**Task to carry out:**
From the line containing "Vintage electronics toolkit" down to the last line of the listing, quote everything word for word, and nothing else, keeping pictures out.

**Data:**
+ + +
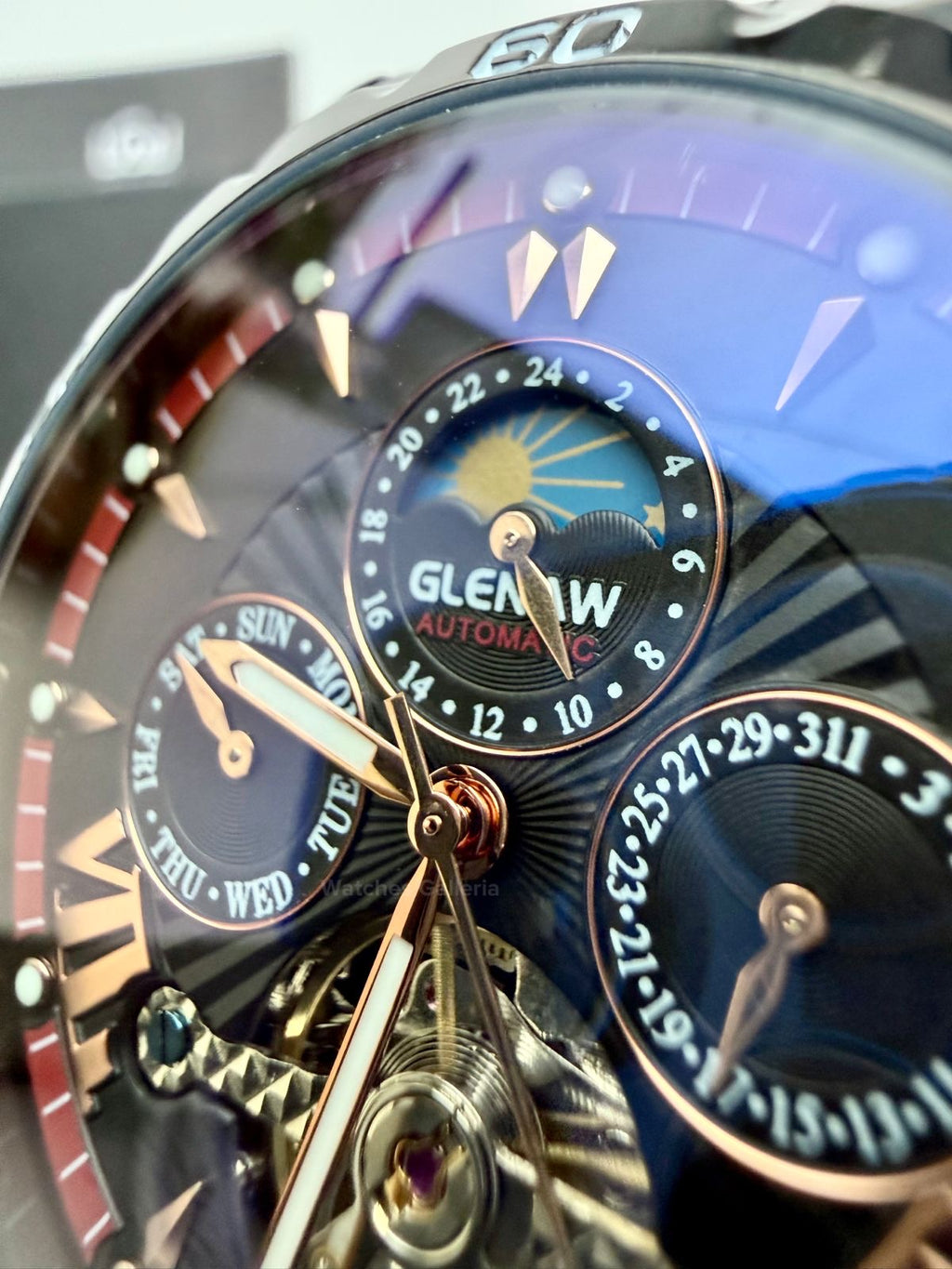 Glenaw GL8919B Moonphase Flywheel Automatic Watch – Black Blue Dial | Luxury Automatic Wristwatch for Men | Glenaw Watches Pakistan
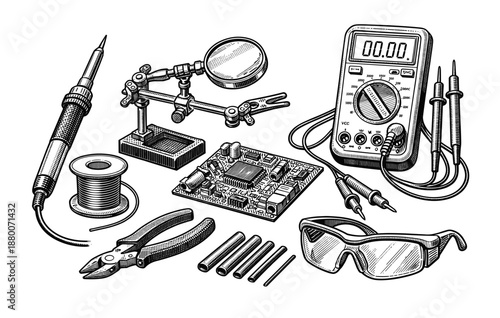Vintage electronics toolkit with multimeter and soldering iron illustration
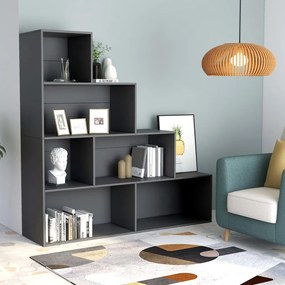 800659 vidaXL Bibliotecă/Separator cameră, gri, 155x24x160 cm, PAL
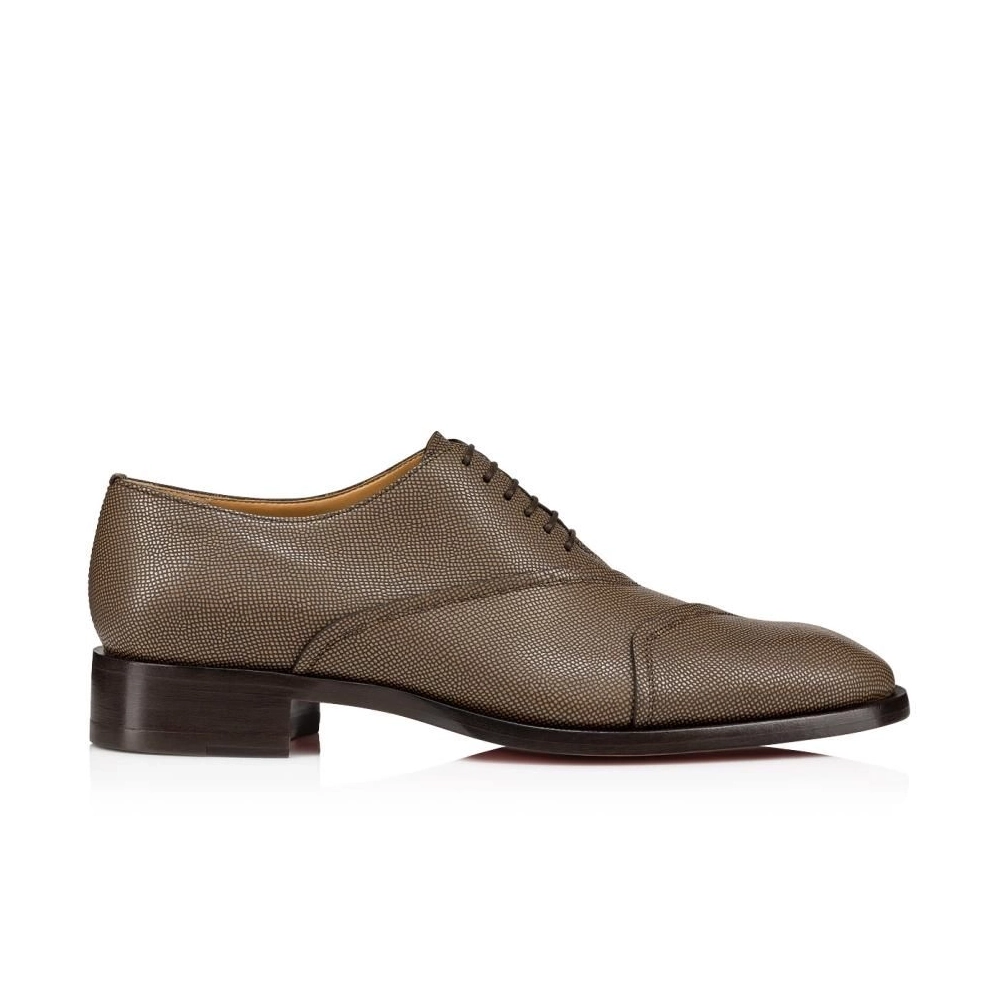Knockoff Christian Louboutin Boabi Oxfords Calf Leather Petit Grain Roca Brown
+ + +
**Response to the task:**
Vintage electronics toolkit with multimeter and soldering iron illustration
 800659 vidaXL Bibliotecă/Separator cameră, gri, 155x24x160 cm, PAL
Knockoff Christian Louboutin Boabi Oxfords Calf Leather Petit Grain Roca Brown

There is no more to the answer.